Spanish Court Refuses to Hear American’s Helms Burton Claim

     In May 2019 the United States ended the suspension of rights of Americans under the Helms-Burton Act to sue for losses arising from the Cuban government’s expropriation of their properties in Cuba.  The following month, a Cuban-American and his company, heirs to former owners of expropriated Cuban land, sued the Spanish hotel chain Melia, which leased that land (in Playa Esmeralda, a popular beach vacation destination) to operate a hotel.

     Why bring such a claim in Melia’s home jurisdiction?  The Spanish Civil Code establishes a right to receive the fruits of possession in bad faith and profiting off confiscated land.    Also, it may be hard to enforce in Spain an American judgment.  Such a judgment, which would be based on the Helms Burton Act, would face the hurdle of an EU blocking law (EU Council Reg. 2271/96) which aims to protect E U residents and companies against the effects of extra-territorial legislation of foreign countries.   

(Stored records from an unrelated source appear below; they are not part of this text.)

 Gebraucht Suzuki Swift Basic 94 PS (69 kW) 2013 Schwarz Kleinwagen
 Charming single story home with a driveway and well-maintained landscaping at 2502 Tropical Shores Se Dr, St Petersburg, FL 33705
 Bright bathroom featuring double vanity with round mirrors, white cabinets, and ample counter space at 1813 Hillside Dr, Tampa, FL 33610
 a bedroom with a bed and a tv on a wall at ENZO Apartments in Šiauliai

     Not surprisingly the Spanish Court was not receptive. But its analysis was principled and should guide courts in other cases brought under Helms Burton.   The Court noted that the claim is based primarily on “the illegality of Cuba’s nationalization of the land”.  That meant the court would have to “assess the legality of the nationalization, or the confiscation” in order to decide whether Melia was “illicitly enriched” through its use of the land.     

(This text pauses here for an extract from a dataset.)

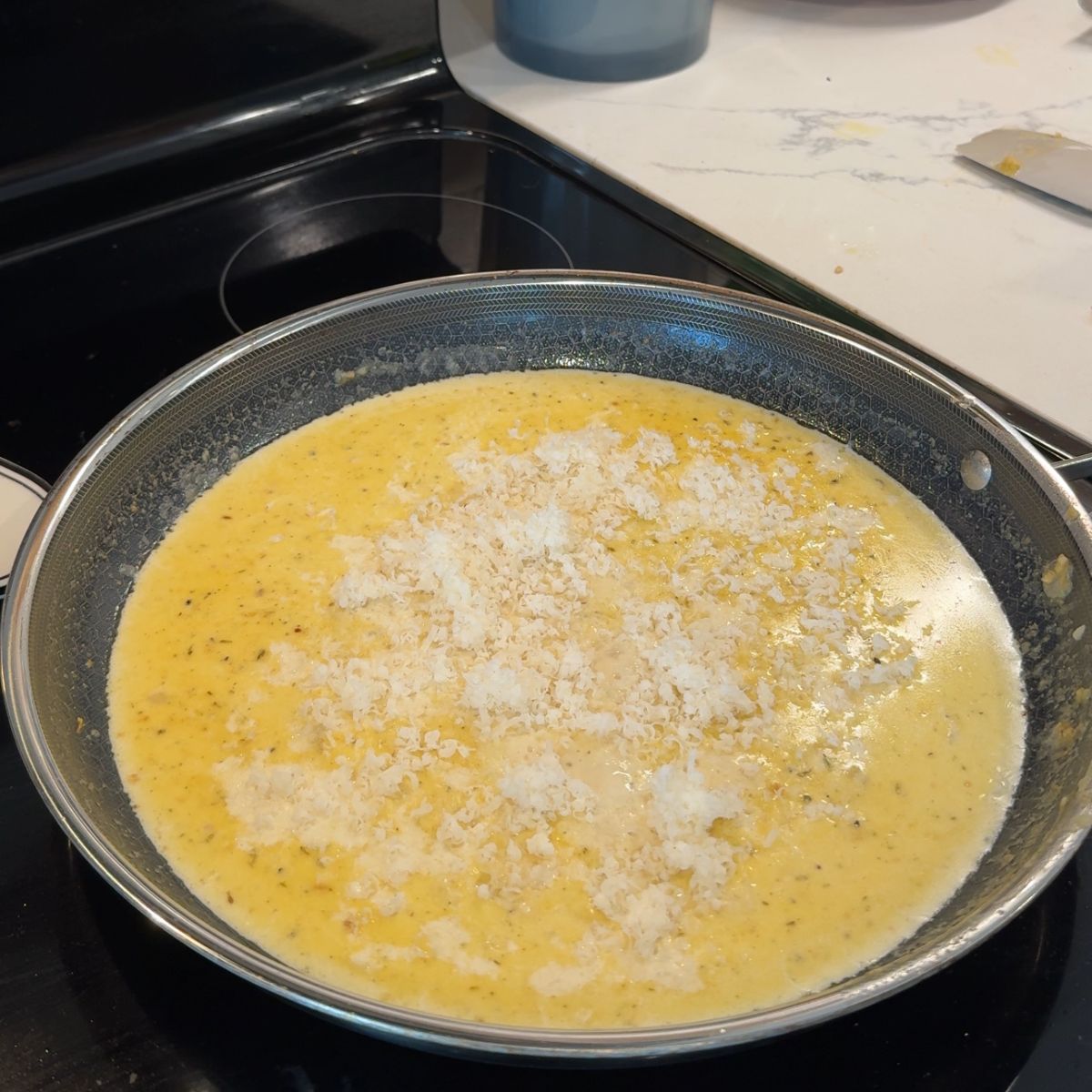 grated parmesan cheese on top of cream sauce in skillet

     The Court had at least three reasons not to accept the claim.   One, the nationalization was a state action of a foreign country, exercising its sovereign powers, over which action the Spanish court has no jurisdiction.   Spain, like Canada, has a statute giving foreign states immunity from most legal claims: the Foreign State Immunity Act (Spanish law 16/2015).  This statute, like Canada’s, carves out an exception for commercial dealings.  However,   even though the hotel’s lease and use of the land is commercial, the underlying issue of the expropriation is not, and so the Court held the exception did not apply. 

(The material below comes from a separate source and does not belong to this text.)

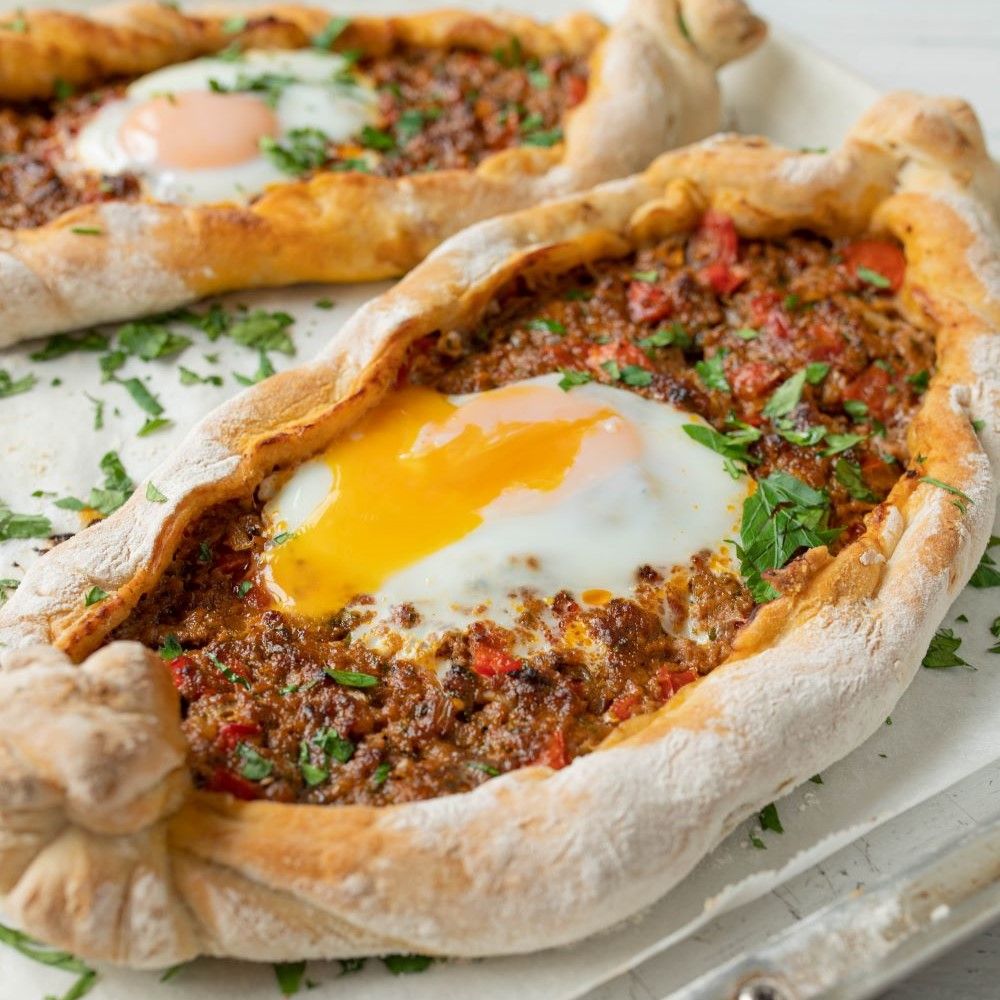 Zwei Pide-Gerichte mit Hackfleisch, Tomaten, Paprika und Ei. Auf hellem Untergrund.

     Two,  Spanish courts –like Canadian courts – generally will not take jurisdiction over cases pertaining to foreign land.   

     Three, to assess the legality the nationalization would entail an analysis of the law of Cuba as of the time of the expropriation, the circumstances surrounding the expropriation, and the fairness of the compensation offered for the land.    Testimony from Cubans would certainly be necessary.  Some may be very elderly and unable to travel.  If this claim was subjected to a forum non conveniens analysis, a court may well find Cuba to be the more appropriate jurisdiction.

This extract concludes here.